Le rapport de l’enquête est disponible en anglais sur le site de l'EU-OSHA: Le pouls de la SST: la sécurité et la santé professionnelles sur les lieux de travail après la pandémie.

Nouvelles opportunités pour la prévention des TMS

La numérisation offre pourtant aussi des opportunités d'améliorer la prévention des troubles musculosquelettiques, en fonction de la manière dont la technologie est appliquée, gérée et régulée.

Des outils ou procédures appropriés devront être mis au point pour surveiller tous les risques spécifiques liés à la numérisation (y compris le travail virtuel, le télétravail et les schémas de travail flexibles). La clé du succès réside dans une conception centrée sur l'humain dès le départ et qui renforce les capacités humaines. C’est l’être humain qui est et reste le patron, pas la technologie. Les technologies peuvent également soutenir la prévention des risques, par exemple une appli d’évaluation des risques qui permet aux télétravailleurs de contrôler leur lieu de travail à distance. 

Une autre possibilité offerte par la numérisation consiste à réduire les tâches physiquement exigeantes, répétitives ou routinières grâce à l'utilisation d'exosquelettes, de robots et de cobots (un "robot collaboratif"). 

Dans le cas des robots, il est important qu'ils collaborent avec les humains et que les travailleurs ne soient pas cantonnés aux tâches du quotidien, souvent très répétitives. Il existe également un potentiel pour une autonomie et une flexibilité accrues, la réduction des temps de déplacement grâce au télétravail, et un meilleur accès au marché du travail pour les travailleurs âgés, handicapés ou nécessitant des soins à domicile.

Toutefois, tout cela n'est possible que si la SST est considérée comme faisant partie intégrante du processus de mise en œuvre des évolutions numériques au travail. Dans un exemple de bonne pratique aux Pays-Bas, les technologies introduites pour réduire la charge de travail physique des travailleurs ont permis accélérer le processus de travail. Mais l'employeur a décidé d'y renoncer pour éviter le stress chez les travailleurs. Pour en savoir plus sur cette étude de cas en anglais, consultez le site de l’EU-OSHA: Pays-Bas: automatisation de l’empilage des caisses et des boîtes afin de réduire le levage manuel au sein d’une entreprise de culture de légumes.

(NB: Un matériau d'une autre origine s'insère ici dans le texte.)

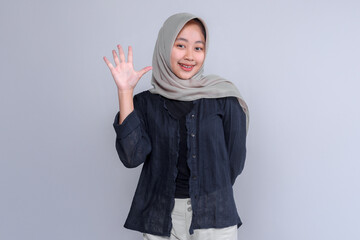 A cheerful young Indonesian woman in a light grey hijab and dark blouse smiles warmly while waving her hand, standing confidently against a plain light grey background.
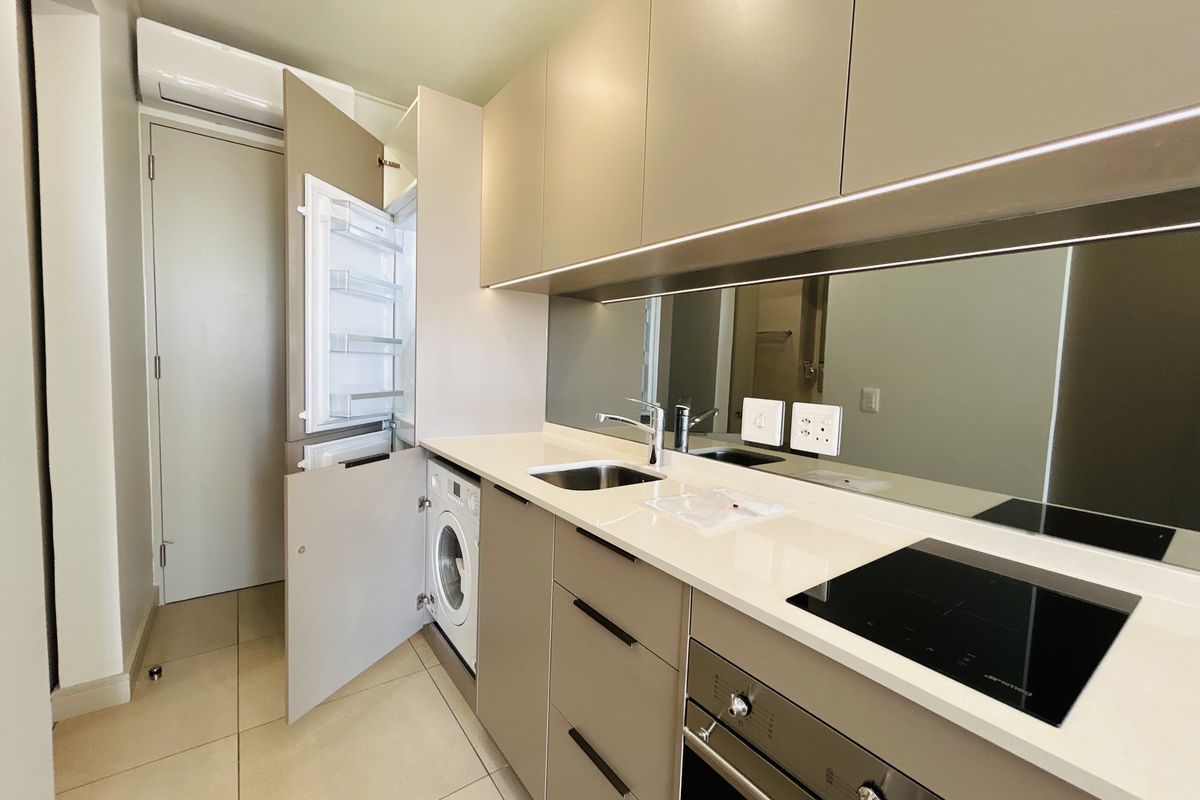 Modern, compact kitchen featuring integrated appliances, sleek cabinetry, mirrored splashback, induction hob, and built-in oven, finished with high-quality fixtures and tiled flooring.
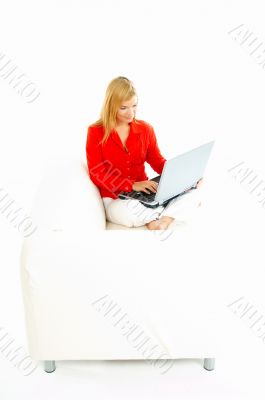 Women with laptop on couch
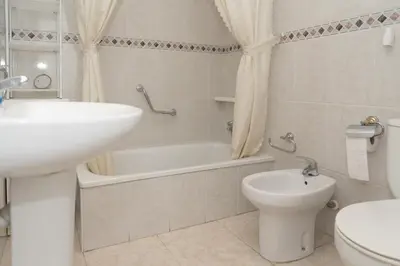 a bathroom with a sink and a tub and a toilet at Solimar, 4-8 in Cullera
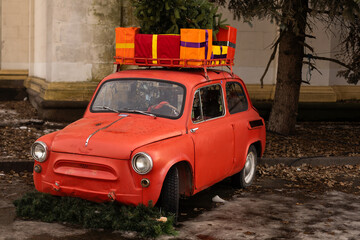 Car with trunk full of gift boxes, presents and fir tree for Christmas. Car, presents, craft box, snow, holidays. Street outdoor
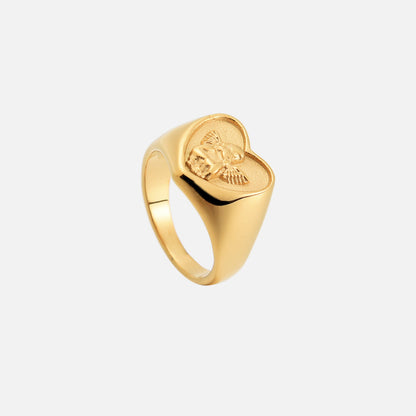 Dasselbe goldfarbene Herzring-Modell von oben schräg fotografiert, mit Blick auf die Ringschiene und das Engelrelief. 2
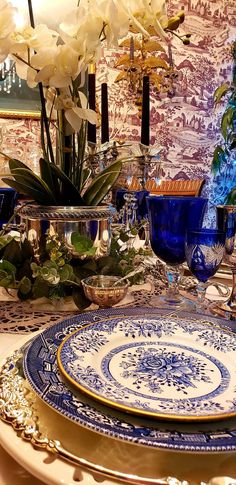 a blue and white plate sitting on top of a table next to a vase filled with flowers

Collaborer avec les nouveaux travailleurs numériques

Ces évolutions sur le lieu de travail, comme le fait de ne pas se trouver au même endroit physique, signifient qu'une communication efficace est plus importante que jamais. Il est essentiel de mettre en place des interventions participatives, en veillant à ce que les travailleurs comprennent comment les technologies numériques sont utilisées et comment elles peuvent entraîner des exigences élevées. Si ces politiques s'inscrivent dans une culture d'entreprise forte, axée sur la prévention, elles contribueront à leur succès.

La prévention et la gestion des risques psychosociaux et des troubles musculosquelettiques doivent être adaptées en permanence au développement des technologies numériques et aux changements organisationnels. Il convient de promouvoir des projets d'intervention novateurs et de les adapter aux différents groupes de travailleurs qui évoluent dans des environnements en constante mutation.